What is Pentecost?
This coming Sunday, 12 June, Christians across the world will celebrate Pentecost Sunday. Pentecost remembers the birthday of the church and should be celebrated with commitment and enthusiasm.
Pentecost Sunday commemorates the coming of the Holy Spirit on the first followers of Jesus. After the death and resurrection of Christ, the disciples could not really be called the Church yet, since the Spirit brings the church into existence and gives the resurrection life of Jesus to her. This is why we say that on the first Pentecost Sunday the Christian Church was born when the Spirit was poured out on us who believe in Jesus.
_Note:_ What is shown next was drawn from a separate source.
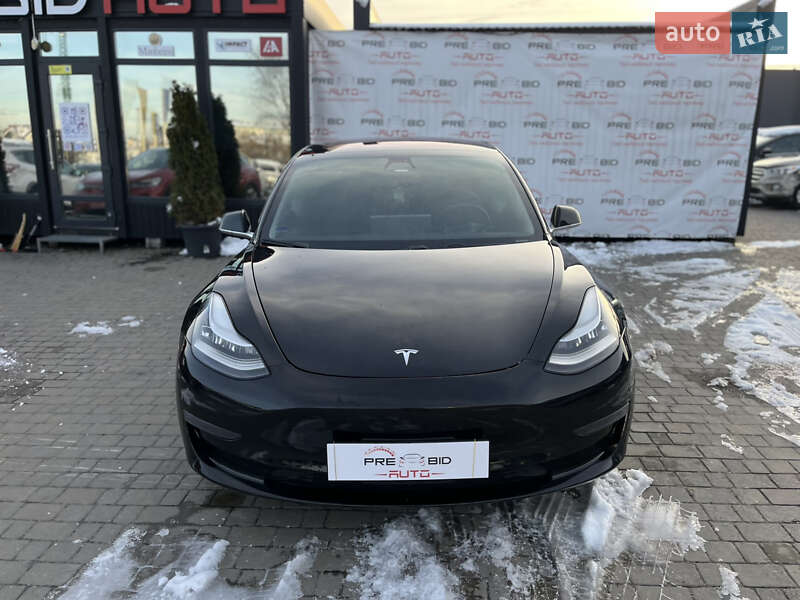 Седан Tesla Model 3 2019 в Львове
What does the word “Pentecost” mean?
The English word “Pentecost” comes from a Greek word for “fifty” and was the name the Greek speaking Jews called the Hebrew festival “Shavuot”. Both Shavuot (Hebrew) and Pentecost (Greek) means “fifty”. This name comes from a decree in Leviticus 23:16, which instructs people to count seven weeks or “fifty days” from the end of the Hebrew Passover to Shavuot, a harvest festival celebrating the “first fruits” on the farms. It also later became the feast of thanksgiving for the giving of the law on Mount Sinai.
In the same way that Jesus, the Lamb of God, was crucified on the day and more or less during the time when the Hebrew Passover lamb was slaughtered in the temple during the Passover feast, the Holy Spirit was poured out on the very day when the Hebrews celebrated the first fruits of the harvest and the coming of the law – Shavuot or Pentecost.
It seems that God values the days of celebration he instated and gives a deep spiritual meaning to them that we who follow Jesus may grow in knowledge, gratefulness and commitment. And that we will never forget God’s great deeds of salvation.
The first fruits of the church, more than 3000 people, were saved and brought in after Peter preached his first sermon after the outpouring of the Holy Spirit on the Church on that day, the Hebrew Pentecost day, a Sunday.
As you might expect, there are a wide range of Christian celebrations of Pentecost amongst all the many denominations. Most churches at least mention it in prayer, song and sermon. Churches that employ liturgical colors (like we do) generally use red on Pentecost as a symbol of the power and the fire of the Holy Spirit.
So on Sunday we celebrate the birthday of the Church, when God by the power of the Holy Spirit gave a harvest of believers as a result of the “seed” of his blood Jesus planted on the cross and through his resurrection.
We too are part of that harvest – we, and all we will tell of the wondrous Gospel that Jesus came into this world to save sinners!